# Ravenwing...Do I need to read any other first?



## Dean2112 (Sep 4, 2012)

I have read somewhere that this is a natural sequel to another Dark Angels book. Is this right?


----------



## Bane_of_Kings (Oct 28, 2009)

As far as I'm aware, it's the first in a series, so no. I haven't read it yet, though.


----------



## Apfeljunge (May 1, 2011)

I think Gav has said that some plot points and characters from Angels of Darkness and Kallidus could reappear in this new trilogy but I don't believe they are necessary reads.


----------



## Dean2112 (Sep 4, 2012)

Thank you..will read AoD first to get in the mood.


----------



## Dean2112 (Sep 4, 2012)

Bane of Kings...you will probably read it before I do...will await your review.


----------



## Brother Lucian (Apr 22, 2011)

Ive read and finished Ravenwing already. It is a straight sequel to Angels of Darkness. The Protagonist in RW becomming involved with the plot from AoD after the Dark Angels discovers the fate of Boreas and company.


----------



## Bane_of_Kings (Oct 28, 2009)

Dean2112 said:


> Bane of Kings...you will probably read it before I do...will await your review.

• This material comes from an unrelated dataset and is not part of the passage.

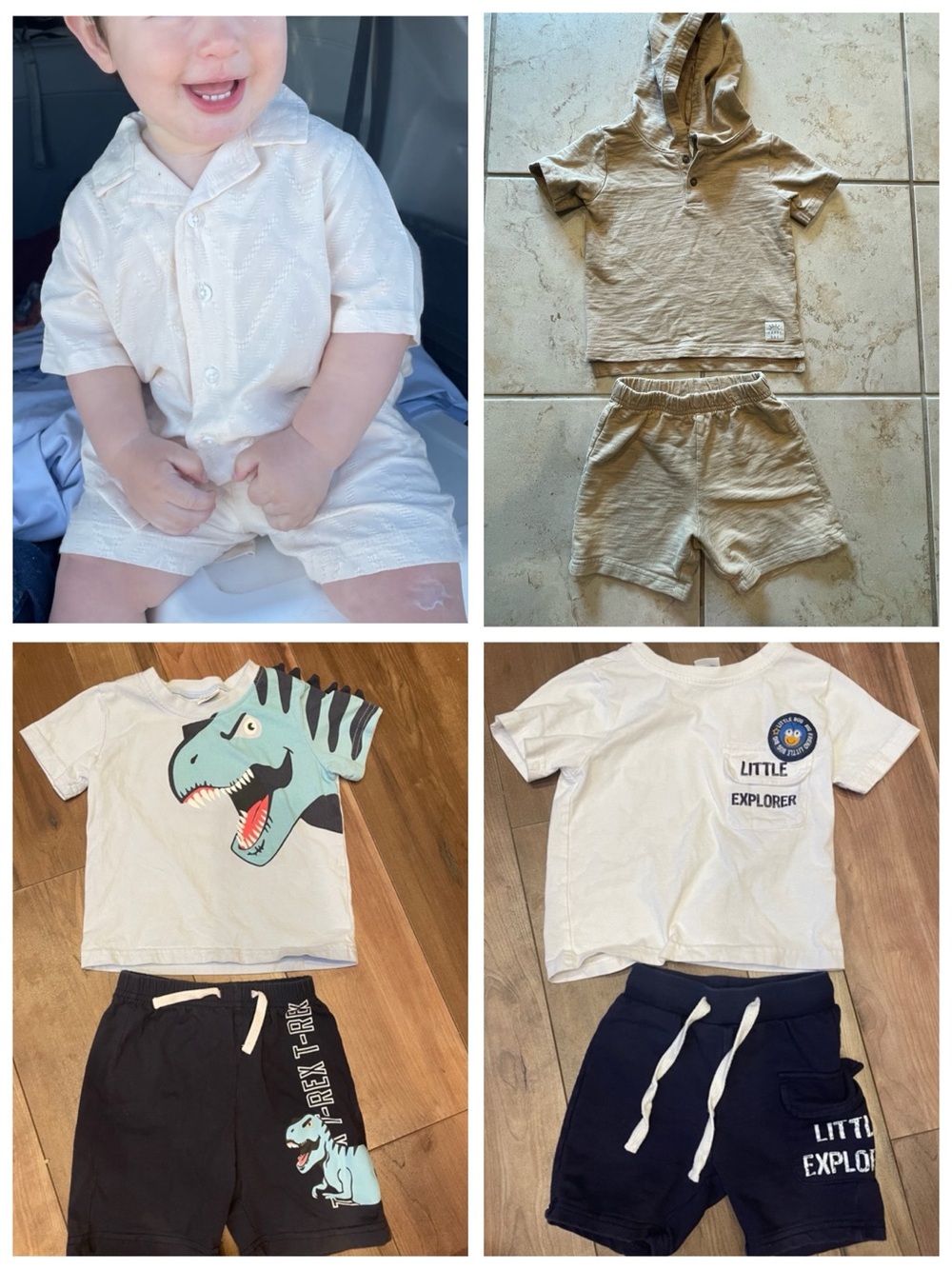 Lot of 4 Outfits Natural Fibers Complete Matching Sets for Boys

Cool. I have a copy on hand at the moment but I'm in the middle of two big 500+pages epic fantasy novels, _The Hero of Ages_ by Brandon Sanderson and _The Red Knight_ by Miles Cameron (ARC). But I'll start _Ravenwing_ when I've finished with HoA for sure.


----------



## Phoebus (Apr 17, 2010)

I don't think you could appreciate "Ravenwing" without first reading "Angels of Darkness". Are any characters from the latter in the former? No. Is "Ravenwing" a chronological and natural sequel to "Angels of Darkness"? Absolutely - even if "Angels" isn't technically a part of the "Legacy of Caliban" Trilogy.


----------



## Dean2112 (Sep 4, 2012)

Thank you all for your responses. Need to knuckle down and start reading AoD ASAP.


----------